SD— And for both of you coming from the kind of food landscape, did you feel like there was a gap in a lot of publications and scenes that specifically connects food discourse with cultural production of different disciplines more widely?
AA— I think there are a lot of food publications that we really admire. I think MOLD and LinYee Yuan’s work is so incredible, and they do a lot of interdisciplinary and forward-thinking food work. Really, we did not intend to start what Cake Zine has become. We just wanted to make a magazine with our friends, then, very thankfully, we had a really great response to that issue and the party we did around it. That heartened us to keep going. Speaking for myself, leaving Conde Nast, I did want to make something that I could never justify to an international corporation business office as being a worthwhile pursuit.
TB— And we are a print only publication, which I think is worth reiterating. We are not constrained by covering hyper-timely stories. As Aliza is saying, we literally cannot because we print in the UK, so it takes a few months to get books over, and if we're going to try and publish something super topical, it's already going to out of vogue by the time that it comes out. So I think that is really liberating and exciting because it means that we're not sort of beholden to the traditional constraints that a larger media publication needs to be. Because we have this sort of niche audience, people really resonate with the more historical literary approach that we take.

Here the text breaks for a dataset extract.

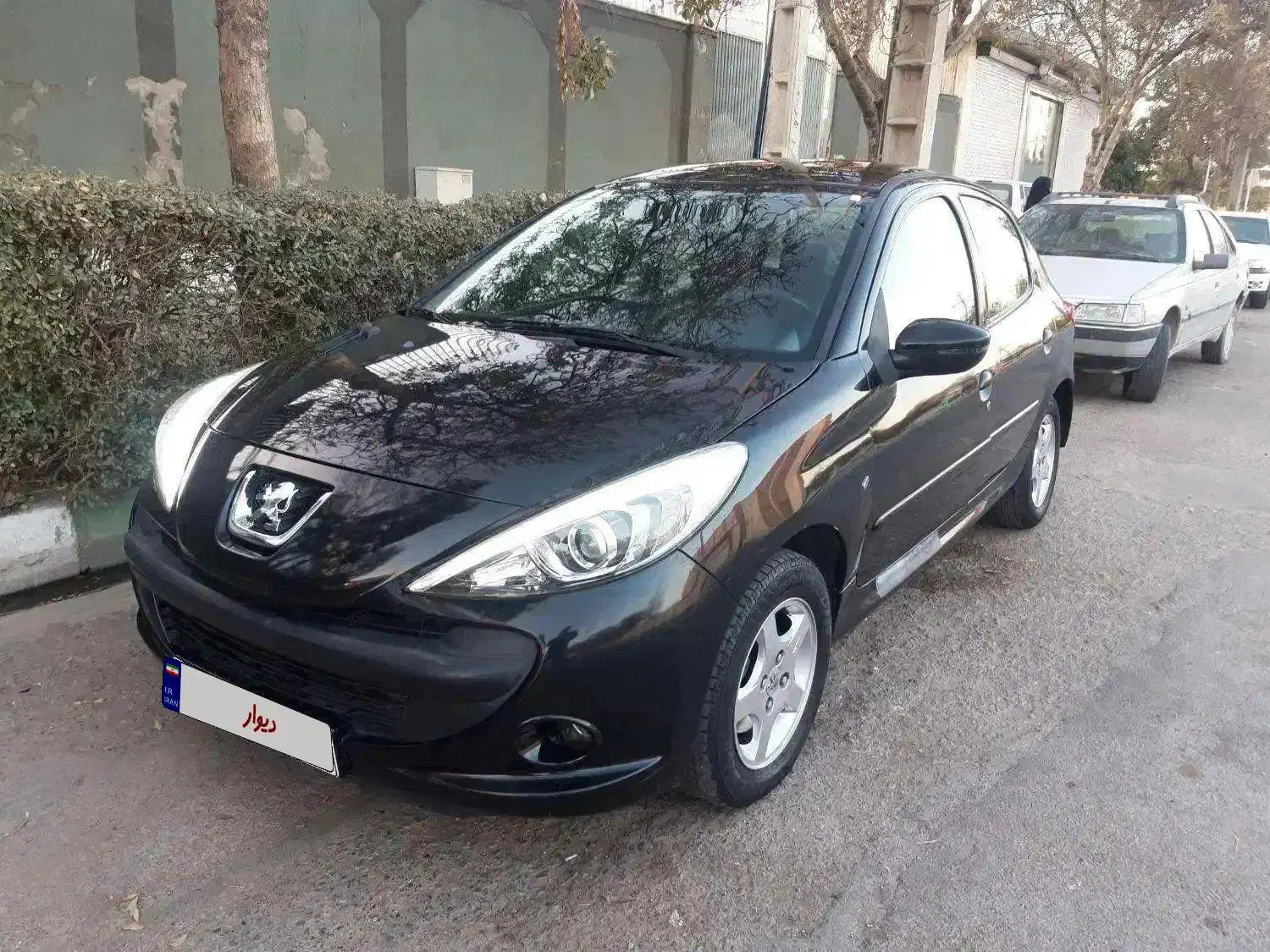 207پانا مدل ۴۰۱|خودرو سواری و وانت|مشهد, سجادیه|دیوار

SD— It's nice that you have this emphasis on your events too, because food culture is so much about community. And there's also this idea that the issue itself can act as or can deliver little pockets of pleasure. One of the topics that a lot of the contributors are nodding to is that there is this need for greater pleasure and nostalgia in a really challenging and difficult world. Do you guys have any personal reflections on that as you were thinking about the issue?
AA— I would say nostalgia is one of the biggest flavors. In all desserts, in every issue, we encounter people who want to talk about things from their childhood, family members, and recipes. It's interesting because it's such a personal feeling. I recently found out Tanya has never played the game Candyland, so I need to bring a board and we can play it, but it's not a good game as after reading the issue. It was created for children in the polio ward, so it's possible to lose. It means that as an adult especially, there are no stakes to it, but as someone who grew up playing it, I look at those characters and I remember being a kid and thinking they're so weird. They've been around for such a long time, and it's just kind of fun to consider the game in a new way. But, I would imagine for someone who's never played Candyland, reading that article was still interesting.
TB— Yeah, it's an iconic game that is such a part of the popular imagination, so even if I didn't play it, it loomed large. I used to have an extraordinarily fierce sweet tooth, but now that I'm a baker and I have to taste glazes and curds at six in the morning, the last thing I'm going to do is lunge for a Snickers bar. But, this issue has very much reinvigorated, maybe reawakened my appetite for the pleasures of candy at the right moment. I used to be someone who would store all my Halloween candy under my bed and savor it over the course of many months, and it was such a pleasure.
AA— Yeah, especially being a kid with candy, this concept of scarcity. When is your Halloween stash going to run out? Did your sibling eat the last brownie before you? And Paolo's piece is also about dumpster diving for chocolate and the dumpsters getting locked up in the Pacific Northwest and becomes more influenced by tech. This issue itself is almost taking a look at our moment of abundance, sweetness and how much candy is left in the jar.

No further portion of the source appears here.